Today I ran 1 half Pale of coal through the stove. First let me say that it did not explode! My stove is made for it. It burned for close to five hours. I started with wood and when it was just red coals I put a layer of coal on and got it burning. I then made a cone from the back of the stove to the feed door. It burned nice and hot but it took a little while to get the air set right. Switched back to wood for the night. The coal is nice and warm, but I've decided that that I'm just going to keep burning wood! It puts an awful lot of dark smoke in the air and you can definitely smell it out in the yard.
I don't know It's beyond my experience.

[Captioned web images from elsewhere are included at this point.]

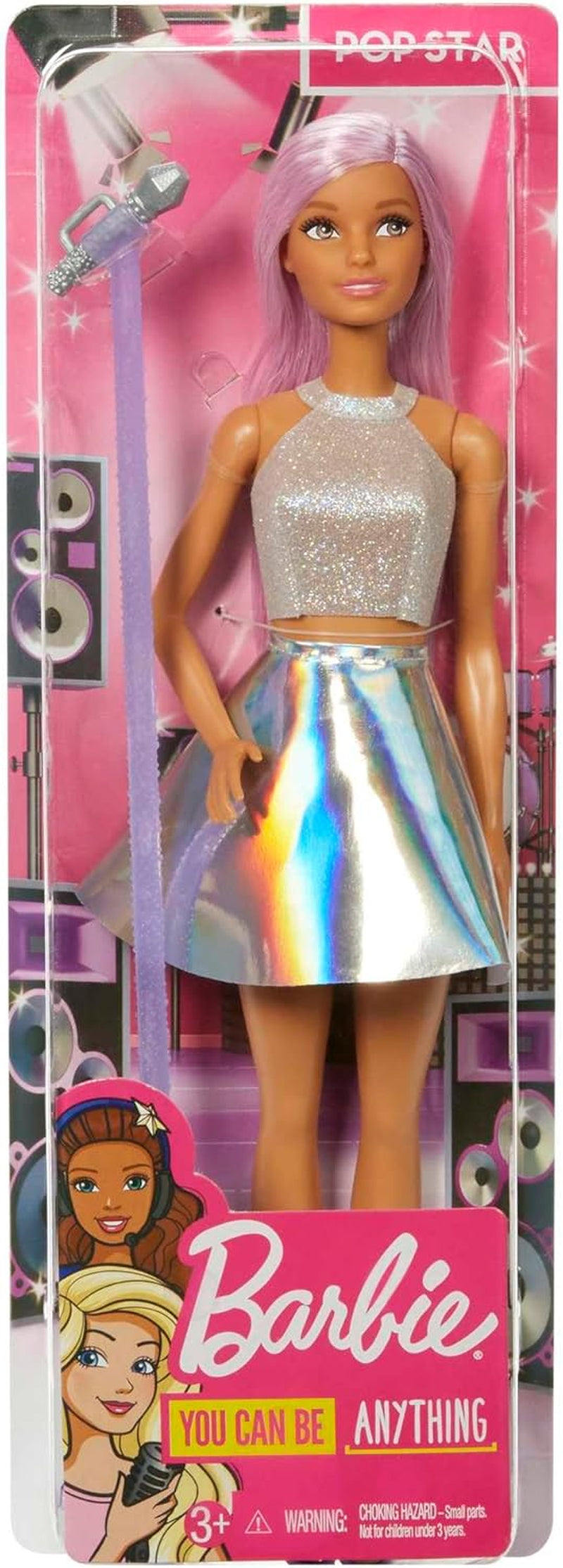 Lalka Barbie Pop Star ubrana w błyszczącą spódnicę z mikrofonem i różowymi włosami Prezent dla dzieci w wieku 3–7 lat JCW42 Olśniewające lalki Naty Shop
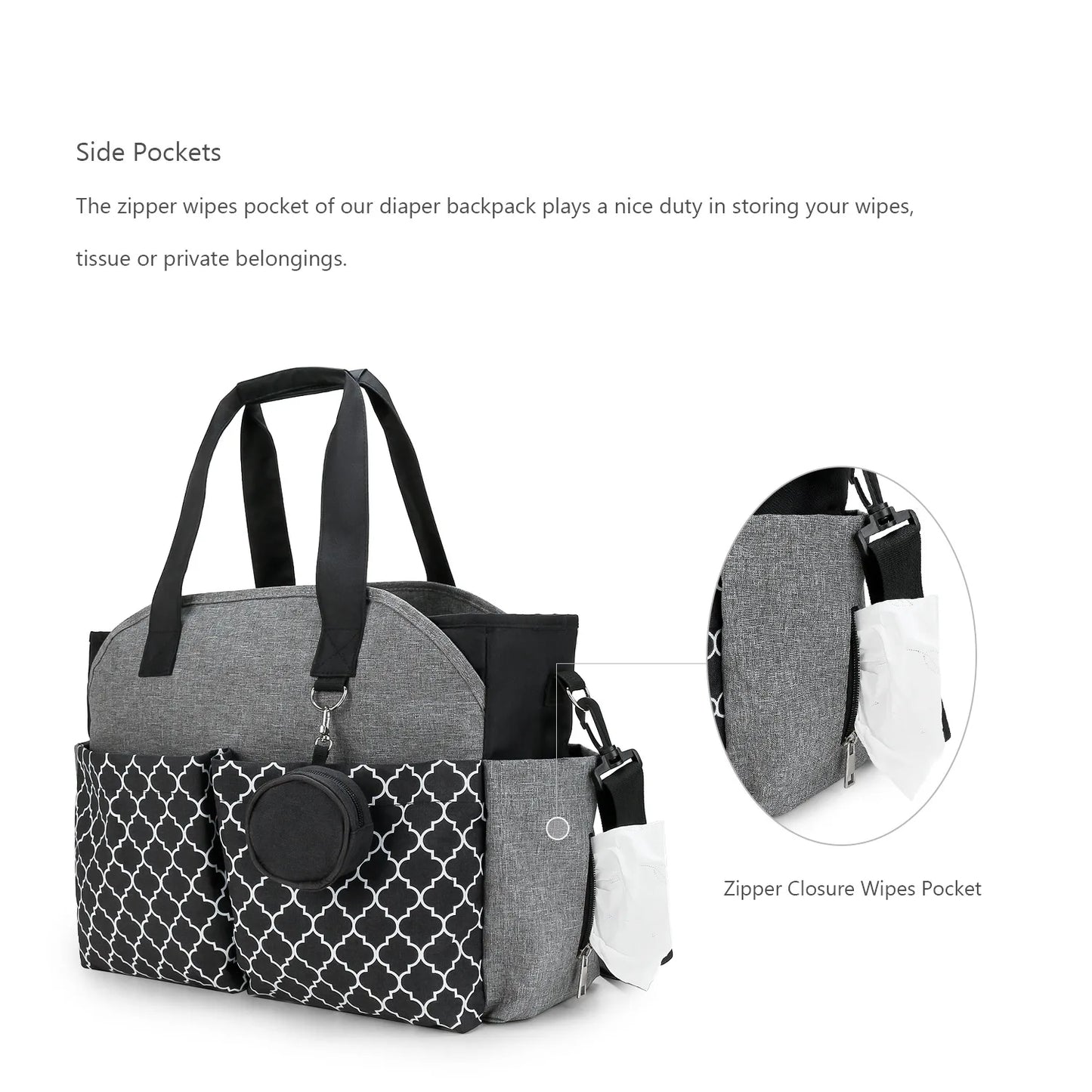 Baby Changing Carrier Bag with  Shoulder Strap Portable Waterproof and Large Capacity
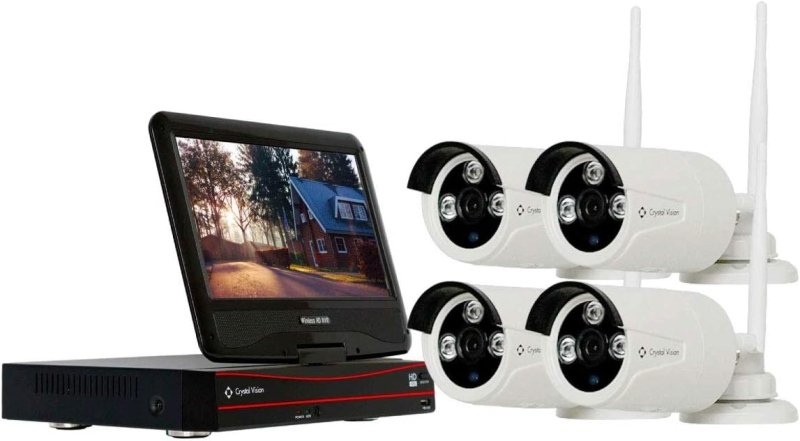 [2025 Upgraded Ver] [8CH] Crystal Vision CVT804A - 20WB1T All - in - One 1080P Full HD Wireless Surveillance System NVR CCTV w/ 1TB HDD, Built - in Monitor & Router, 3MP Camera Auto Pair - variant_title - Security Camera System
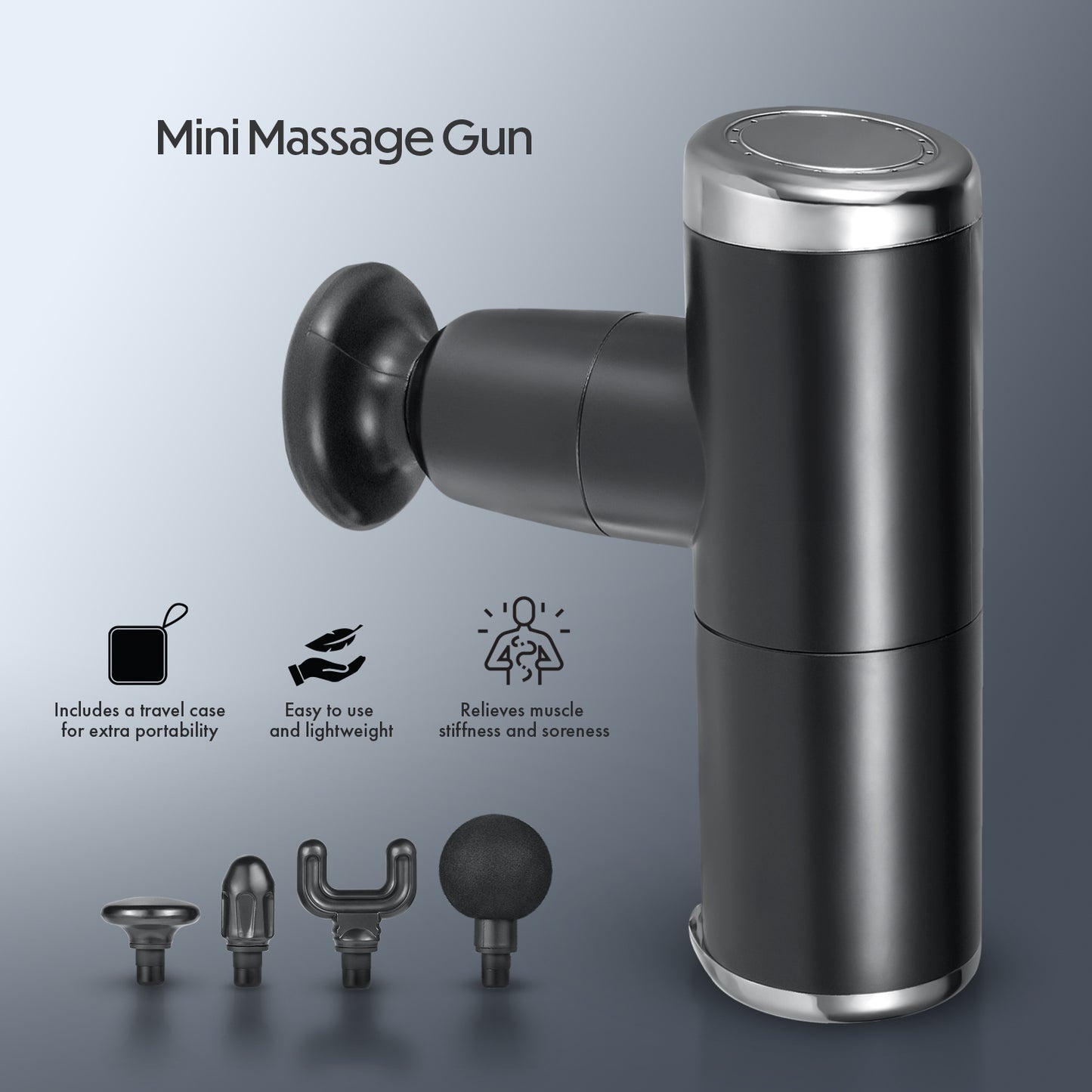 HOM Deep Tissue Mini Massage Gun - Portable Handheld Massager for Treating Muscle Soreness, Back Pain & Body Ache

Inside is there a very heavy duty set of grates with a shaker?
If it is an open grate at the bottom, then IMO it is able to burn coal. If it is covered at the bottom it is solely a wood stove. If it has a detachable grate you have the option of both. Mine will burn smokeless fuel, anthracite etc, but I'm not allowed to burn ordinary 'household' or bituminous coal and wouldn't want to (smell, mess, environment emissions even after a fast hot burn of initial ignition wood, risk of overfiring my small stove etc here in a UK urban area)
When the warm air moves in the house from turning the stove up at dusk I often get a whiff of our old fireplace. we put a new insert in but it would not accomidate the faceplate (yes blocker installed). That smell turns my tummy, totally different from burning smell. I watched a movie today with the lil one where a lad was sweeping chimneys a century ago, I bet he smelled exactly like you described.

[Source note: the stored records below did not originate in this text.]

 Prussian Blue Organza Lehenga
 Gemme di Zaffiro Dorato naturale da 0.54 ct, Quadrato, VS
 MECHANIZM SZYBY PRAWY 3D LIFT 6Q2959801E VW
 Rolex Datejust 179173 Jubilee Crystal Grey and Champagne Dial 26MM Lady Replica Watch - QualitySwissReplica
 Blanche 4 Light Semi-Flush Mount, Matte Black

I'm betting that stove is a wood/coal stove. It looks very close to one my parents had. There should be a shaker that you hook onto the grates and move back and forth to shake the ashes down to the bottom. That type should also have a damper in the flue. But what puzzles me is there is not another draft in the firebox door. Usually it is a slider. But, if you look for the bottom and see grates that you can move to shake the ashes down, it will burn coal.
Years ago I had a wood stove that said you could burn coal in it as well as wood. My friend had several bags of coal he gave to me that I mixed in with the wood, more as an experiment just to see what it would do. Worked fine. I, like you, remember the distinct odor outside the house when burning coal. Interesting thread...
Another thing I remember as a child was that I had to take the sledge hammer and break up the bigger pieces of coal. Best nobody is standing around when that is done as the chips will fly. I also never liked the smell of the stuff.